Exploring Digital Humanities

In our first workshop we discussed the meaning of Digital Humanities, and there is a lot of them. Amanda Visconti, who we read and discussed, explains it as doing research, teaching, or learning about literature, history, or the arts using digital tools. At the end of her piece she also poses the question, can Digital Humanities be considered scholarship? This made me think a lot about accessibility in scholarship and the elitism and barriers to publishing within the institution. I think that Digital Humanities should be considered scholarship because it furthers understanding and scholarship should not be limited to only papers that can be published.

To me Digital Humanities is the use of digital tools, like websites or recordings or videos, to explore a topic in a deep way. They all still have a main statement, like a thesis statement, that is what the project is about or will work towards proving. Some Digital Humanities projects come to a definite conclusion and some do not come to a definite conclusion. This can either be an understanding goal or an argument that the creator is making. The goal/argument can be broad, like to organize the information and guide the viewer through the information, but ultimately like with papers published in an academic journal it is up to the reader/viewer to come to conclusions about a topic. This falls into how Digital Humanities should be considered academic scholarship, since it is providing information to a viewer/reader with an argument or goal in mind. Digital Humanities allows the information to be organized in many different ways.

My project, exploring the history and architecture features of three old buildings on campus falls into both of these categories of making an argument and having a goal. The goal is to recognize the importance of these buildings, as well as the argument is about why these buildings are important. By recording the history of the building and the features I am also showing why they are important and deserve to be remembered. I am using digital tools like a timeline or a map to record the history of the house and allow it to be explored in a non-linear way. If it was a paper it could only be explored in a linear way. This also makes it more accessible to people, since there are many different types of learners some who don’t comprehend papers the same way that other people do.

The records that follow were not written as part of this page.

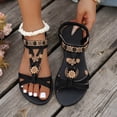 thumbnail image 6 of enyan Platform Slip on Sandals for Women Summer Wedges Slides -Flatform, Open Toe, Bohemia, Beach, Wedding White Sandals,Black,Size 6.5, 6 of 7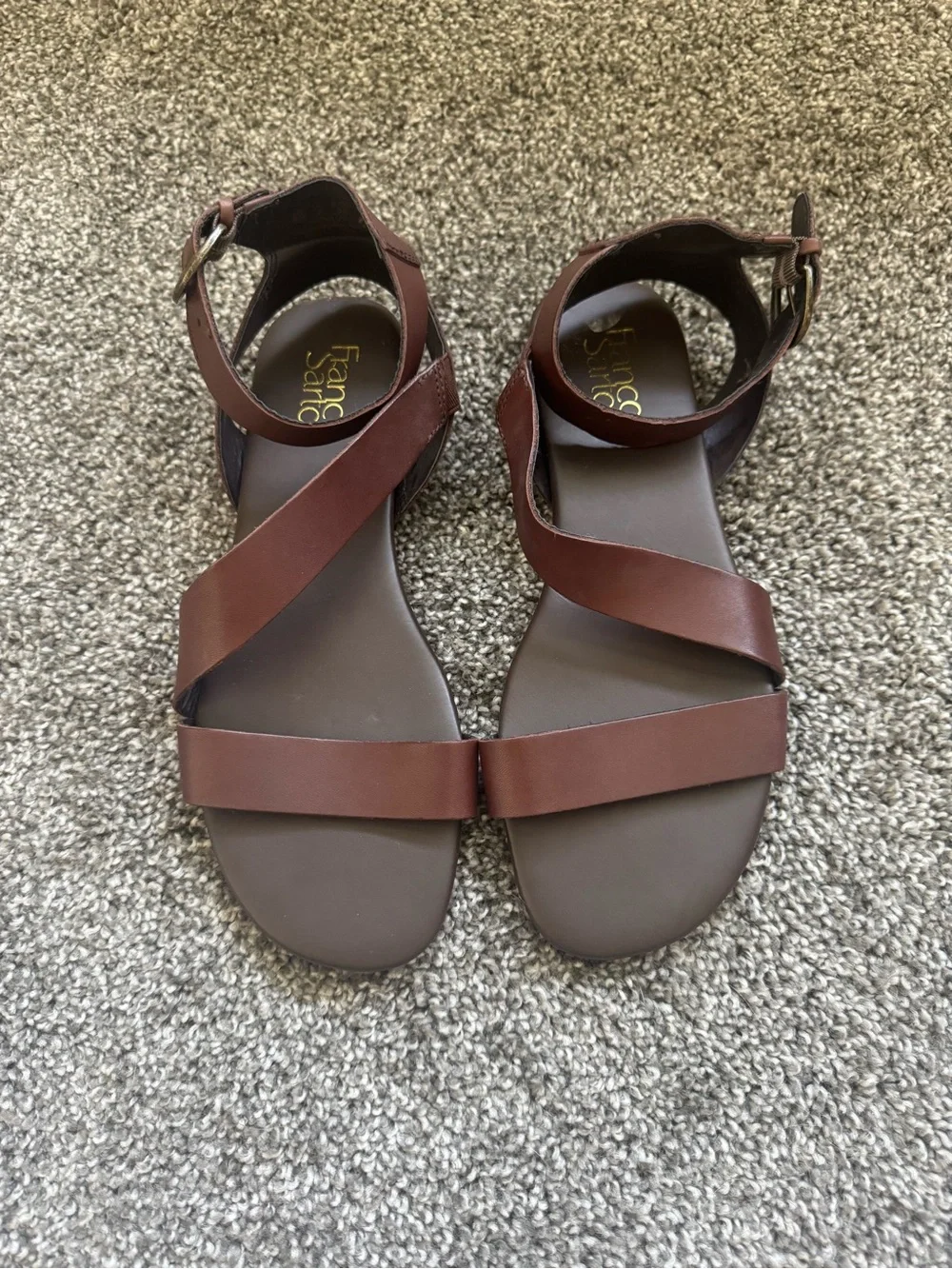 Franco Sarto Brown Strappy Ankle Buckle Sandals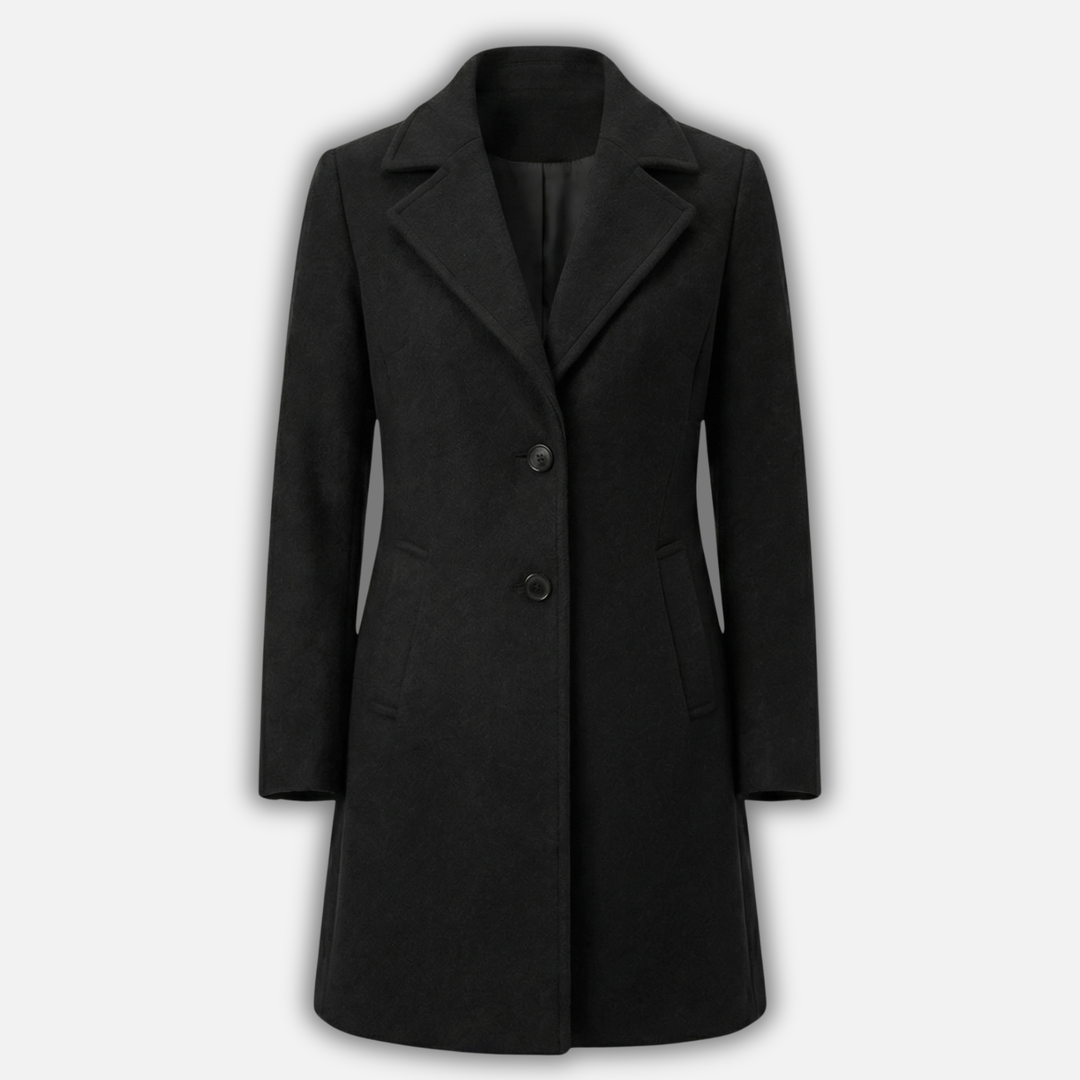 Cappotto lungo elegante con colletto a revers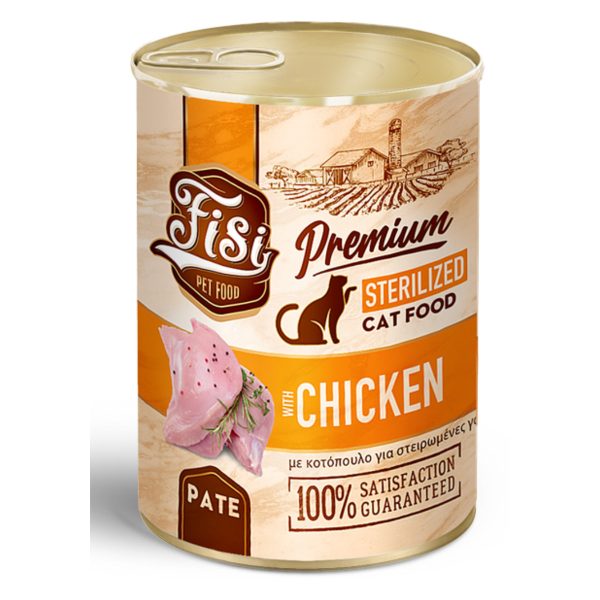 Fisi Cat Adult Sterilised Chicken Υγρή Τροφή Για Γάτες Κοτόπουλο Πατέ 400gr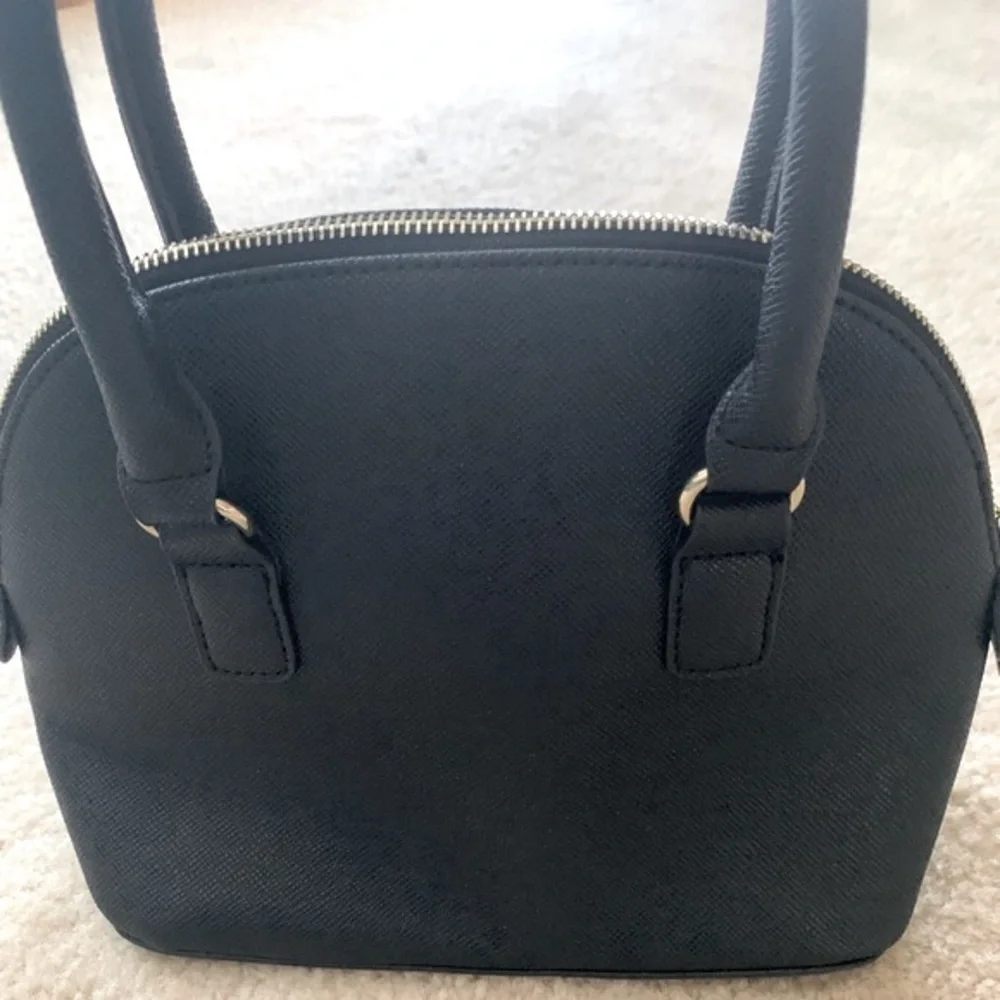 Small Black Faux Leather Mini Sachel With Bow Accent Excellent Used Condition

My expectations for Digital Humanities are to make information more accessible and to present new ideas through the way that the information is organized and selected. I have chosen these three buildings because of their long history and many different uses. These histories are very reflective of the Gettysburg community and college, the different needs of the community/college were placed on the buildings and reflected in different ways, like how Brua Hall was converted from the chapel to a music building. These different uses are important because they are not just a reflection of the building they are a reflection of the community.

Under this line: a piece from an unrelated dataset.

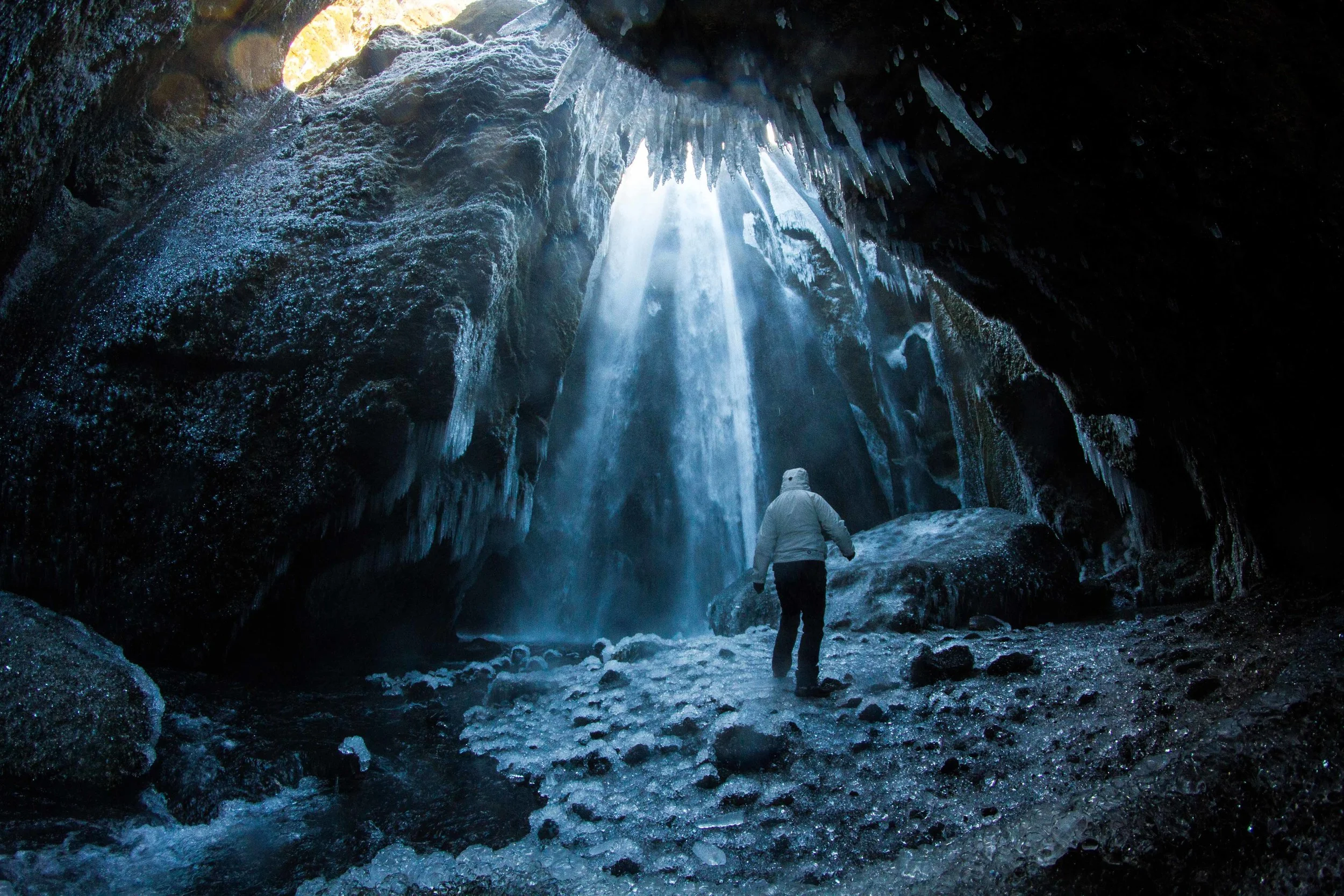 Gljúfurárfoss, a waterfall in a cave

2 Replies to “Exploring Digital Humanities”

  1. I think Amanda Visconti would be happy to hear that you’re questioning the nature of scholarship after a week of DH engagement. Is scholarship inherently elitist? If so, how can DH lower some of those barriers? I think you address that issue with your comment about community. Buildings change because communities change. Gettysburg College might seem like its own isolated community sometimes, but it’s influenced by local, national, and global events. A project about campus architecture has the potential to address more than the decisions made on the institutional level.

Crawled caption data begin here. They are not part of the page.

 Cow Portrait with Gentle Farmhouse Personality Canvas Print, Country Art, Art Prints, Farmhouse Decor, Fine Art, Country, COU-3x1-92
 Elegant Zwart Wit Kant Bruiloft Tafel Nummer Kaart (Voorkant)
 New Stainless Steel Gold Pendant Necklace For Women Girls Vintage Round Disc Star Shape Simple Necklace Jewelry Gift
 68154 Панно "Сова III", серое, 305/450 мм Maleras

  2. Deep and non-linear are two great ways to think about DH! Accessibility is one of the key things about DH, but also one of the things that can get overlooked, depending on what you are doing in DH. Accessible often means more time and resources need to be put into things, so it may often fall to the wayside if we’re not willing to break out of our routines of how we do scholarship and keep openness and accessibility in the foreground of any project we work on. I also think DH is great for understanding change, because of the inherent changing-ness of technology and the web.